Seigneur, j’ai entendu ce que tu as fait entendre, et j'ai été saisi de crainte

j'ai considéré tes œuvres et j'ai été hors de moi-même,

au milieu de deux êtres vivants tu seras connu,

quand seront proches les années tu seras reconnu,

quand sera venu le temps tu seras révélé,

quand mon âme sera troublée de colère, tu te souviendras de ta miséricorde.

...

Réception

Comparaison des versions

2 Divergences entre le texte hébreu et la Septante : originalité des versions grecques Le texte grec de ce verset est si différent du texte hébreu, lui-même très énigmatique, qu'il faut y voir un effort de reconstruction et de clarification. 

M et V
  • Le texte de M est bien attesté dans les mss de la mer Morte (cf. le Rouleau des Douze Prophètes : Les grottes de Murabba‘ât (DJD) Oxford, 1961,181-205 et planches LVI-LXX) et par Jérôme : Legimus site in hebræo ADONAI, id est domine, PHALACH : opus tuum, BACEREB: in medio, SANIM : annorum, HEIEHU : vivifica illud (cf. Tradition chrétienne Ha 3,2).
  • Le yod dans M—ḥayyéhû [donne vie / fais revivre] est attesté par la traduction ζῴων de G. Le verbe ḥyh au piel est bien attesté : Grammaire Ha 3,2
  • V offre : Domine audivi auditionem tuam et timui / Domine opus tuum in medio annorum vivifica illud / in medio annorum notum facies. et Jérôme pousse l'interprétation jusqu'à la résurrection du Christ (cf. Tradition chrétienne Ha 3,2).
G

Le texte grec présente six stiques au lieu des cinq de M. Les traducteurs grecs semblent non seulement avoir lu (découpé et vocalisé) différemment les consonnes hébraïques à leur disposition, mais aussi y avoir fait des ajouts, à moins qu'ils n'aient traduit un texte hébreu différent de (proto-)M.

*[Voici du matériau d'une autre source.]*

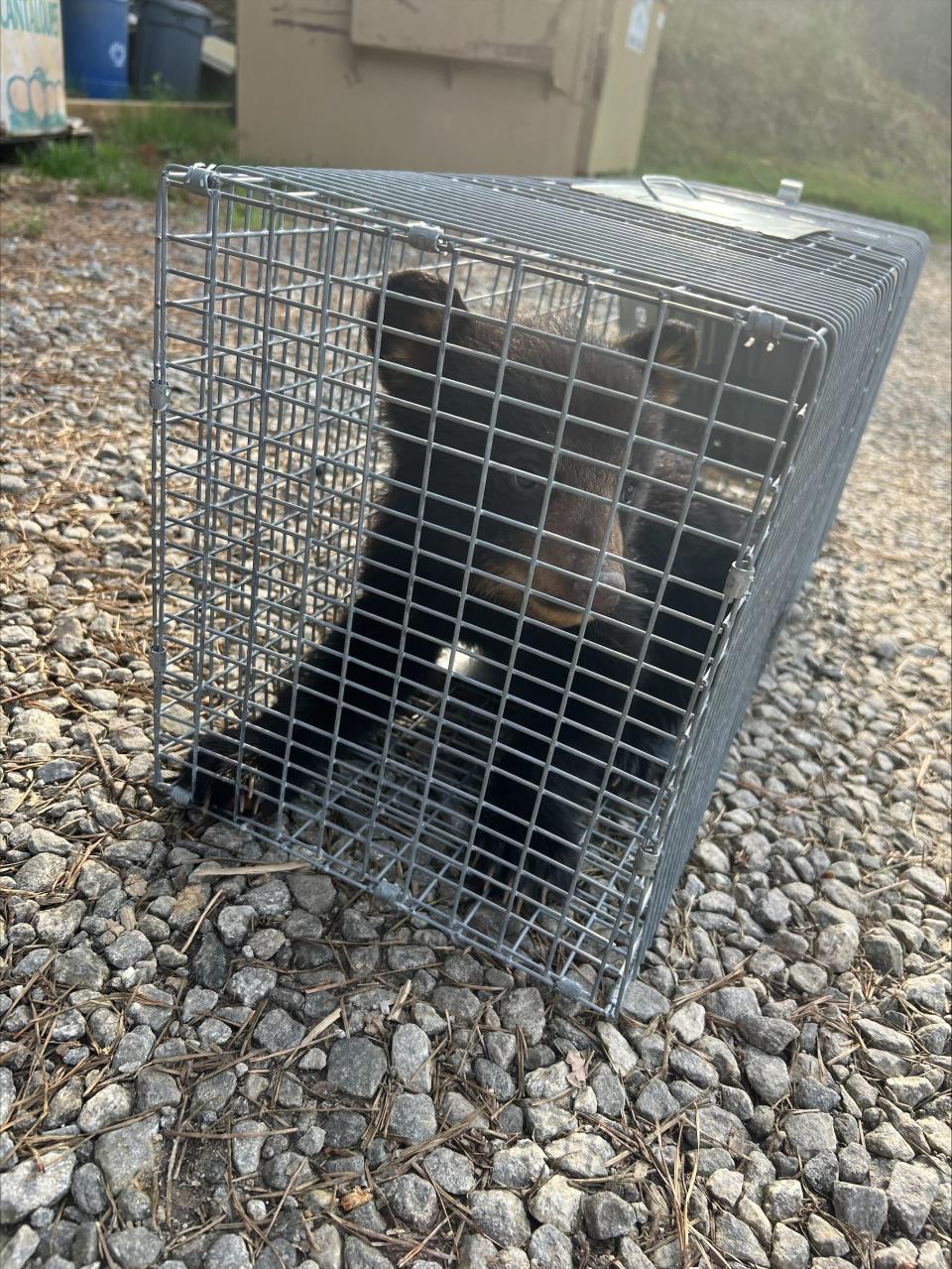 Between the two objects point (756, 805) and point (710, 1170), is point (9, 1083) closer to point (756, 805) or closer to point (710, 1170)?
point (710, 1170)

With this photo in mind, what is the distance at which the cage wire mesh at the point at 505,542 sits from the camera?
59.7 inches

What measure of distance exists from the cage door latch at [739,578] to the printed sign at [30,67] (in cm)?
686

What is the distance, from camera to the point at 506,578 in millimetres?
1758

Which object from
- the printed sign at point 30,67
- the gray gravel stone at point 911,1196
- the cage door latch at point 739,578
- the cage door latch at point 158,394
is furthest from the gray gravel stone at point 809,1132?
the printed sign at point 30,67

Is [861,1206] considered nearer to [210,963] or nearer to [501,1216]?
[501,1216]

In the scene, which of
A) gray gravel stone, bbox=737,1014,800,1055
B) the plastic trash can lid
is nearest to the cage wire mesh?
gray gravel stone, bbox=737,1014,800,1055

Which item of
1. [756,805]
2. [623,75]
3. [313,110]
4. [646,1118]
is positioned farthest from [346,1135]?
[623,75]

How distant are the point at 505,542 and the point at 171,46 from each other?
10361 mm

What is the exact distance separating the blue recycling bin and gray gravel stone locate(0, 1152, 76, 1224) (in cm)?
990

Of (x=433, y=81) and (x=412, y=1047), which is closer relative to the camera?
(x=412, y=1047)

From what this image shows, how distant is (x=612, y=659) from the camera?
2.14m

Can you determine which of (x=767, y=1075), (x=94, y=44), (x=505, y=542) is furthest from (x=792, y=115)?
(x=767, y=1075)

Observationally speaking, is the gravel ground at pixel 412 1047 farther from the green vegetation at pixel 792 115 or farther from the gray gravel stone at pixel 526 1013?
the green vegetation at pixel 792 115

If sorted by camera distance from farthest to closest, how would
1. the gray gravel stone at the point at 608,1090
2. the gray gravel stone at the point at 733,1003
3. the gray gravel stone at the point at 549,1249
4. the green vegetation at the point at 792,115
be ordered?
the green vegetation at the point at 792,115
the gray gravel stone at the point at 733,1003
the gray gravel stone at the point at 608,1090
the gray gravel stone at the point at 549,1249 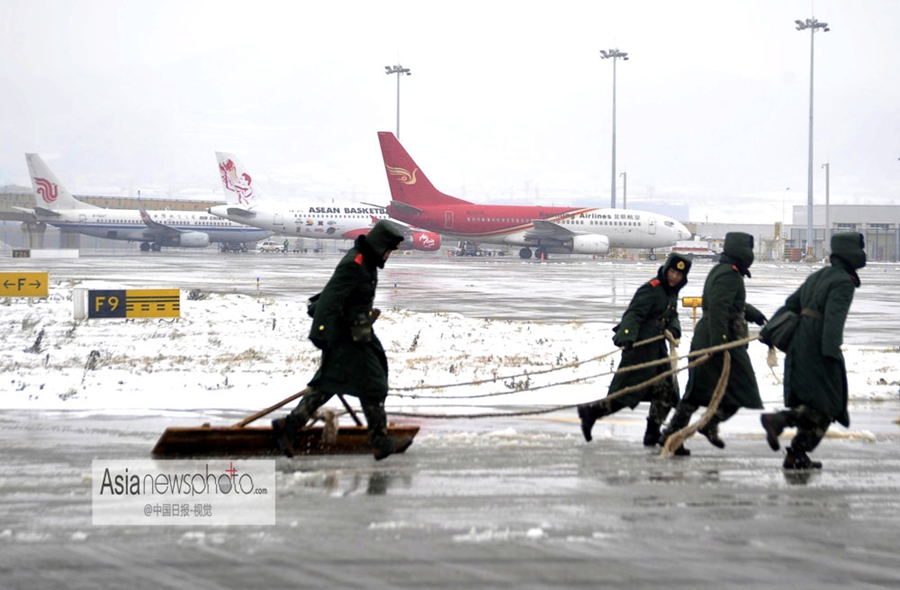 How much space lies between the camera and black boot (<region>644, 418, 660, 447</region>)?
26.1 ft

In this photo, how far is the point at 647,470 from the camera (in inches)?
277

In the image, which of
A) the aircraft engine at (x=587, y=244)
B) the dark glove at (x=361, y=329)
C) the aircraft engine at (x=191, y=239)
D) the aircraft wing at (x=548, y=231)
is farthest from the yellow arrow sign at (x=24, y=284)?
the aircraft engine at (x=191, y=239)

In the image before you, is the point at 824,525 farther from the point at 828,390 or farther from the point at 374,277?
the point at 374,277

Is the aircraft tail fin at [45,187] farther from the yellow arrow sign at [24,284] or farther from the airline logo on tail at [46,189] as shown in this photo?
the yellow arrow sign at [24,284]

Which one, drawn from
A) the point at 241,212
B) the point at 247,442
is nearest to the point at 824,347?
the point at 247,442


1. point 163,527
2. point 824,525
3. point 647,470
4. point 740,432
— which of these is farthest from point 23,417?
point 824,525

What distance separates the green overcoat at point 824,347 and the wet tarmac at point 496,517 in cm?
52

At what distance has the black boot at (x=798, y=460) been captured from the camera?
704 cm

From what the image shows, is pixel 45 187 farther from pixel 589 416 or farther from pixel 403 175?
pixel 589 416

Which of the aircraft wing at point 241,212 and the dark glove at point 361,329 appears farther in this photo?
the aircraft wing at point 241,212

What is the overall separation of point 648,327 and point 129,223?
70000 millimetres

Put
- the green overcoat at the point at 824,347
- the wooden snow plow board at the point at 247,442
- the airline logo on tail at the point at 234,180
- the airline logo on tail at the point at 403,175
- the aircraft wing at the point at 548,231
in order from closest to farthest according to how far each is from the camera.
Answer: the green overcoat at the point at 824,347 → the wooden snow plow board at the point at 247,442 → the airline logo on tail at the point at 403,175 → the aircraft wing at the point at 548,231 → the airline logo on tail at the point at 234,180

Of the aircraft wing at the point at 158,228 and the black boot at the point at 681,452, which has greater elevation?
the aircraft wing at the point at 158,228

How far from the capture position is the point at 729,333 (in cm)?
776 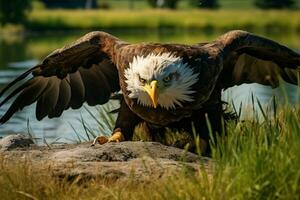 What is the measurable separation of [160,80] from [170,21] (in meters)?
50.3

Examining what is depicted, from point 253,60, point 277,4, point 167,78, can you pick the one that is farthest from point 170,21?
point 167,78

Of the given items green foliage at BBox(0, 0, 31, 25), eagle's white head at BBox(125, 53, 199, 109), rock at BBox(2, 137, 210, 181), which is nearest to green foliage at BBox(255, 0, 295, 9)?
green foliage at BBox(0, 0, 31, 25)

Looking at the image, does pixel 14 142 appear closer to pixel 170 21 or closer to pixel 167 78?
pixel 167 78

  • stique b, fin (reconstruction rhétorique) : exestēn (j'ai été hors de moi-même) redouble le verbe héb. yārēʾṯî (j'ai été saisi de crainte) du stique précédent, où le grec traduisait pas un autre verbe, mais de sens analogue (ephobēthēn, j'ai été saisi de crainte), créant un parallèle avec variation.
  • stique c (reconstruction) : duo (deux) reflète une lecture de l'hébreu comme šenayîm et non pas M—šanîm (années) ; zôiôn (êtres vivants) élabore sur la racine hébraïque ḥyh, (vivre) ;  et ajoute gnōsthēsē (tu seras connu). Le traducteur grec devait avoir un texte hébraïque semblable à : בְּקֶרֶב שְׁנֵי חַיּוֹת (beqérev shenéi ḥayyôt) . Avec cette variante de G (attestée aussi dans la traduction grecque du cantique d'Habaquq contenue dans le ms Barberini grec 549), on peut supposer que le traducteur grec pensait aux deux chérubins entourant l'arche d'alliance.
  • stique d (vocalisation) : vocalise l'hébreu beqaroḇ, autrement que M (bᵉqereḇ : au milieu de) : en toi eggizein, à l'approche de, et lit le verbe hébreu tôḏyaʿ qui est sans complément, comme un passif, gnōsthēsē, tu seras connu.
  • stique e (clarification) : semble une seconde traduction du stique d avec une triple variante lexicale, insistant sur la durée qu'il faudra pour que la révélation de Dieu. En grec, les trois verbes des stiques cde forment une gradation dans le dévoilement que Dieu fera de lui-même (connu < reconnu < révélé), là où l'hébreu massorétique annonce simplement que Dieu va manifester son action.
  • stique f (clarification) : Le début (« quand mon âme sera troublée de colère » semble commenter l'énigmatique premier mot du stique e de l'hébreu (« dans la colère »).
Un ajout devenu source d'inspiration dans la représentation de la Nativité dans l'iconographie ?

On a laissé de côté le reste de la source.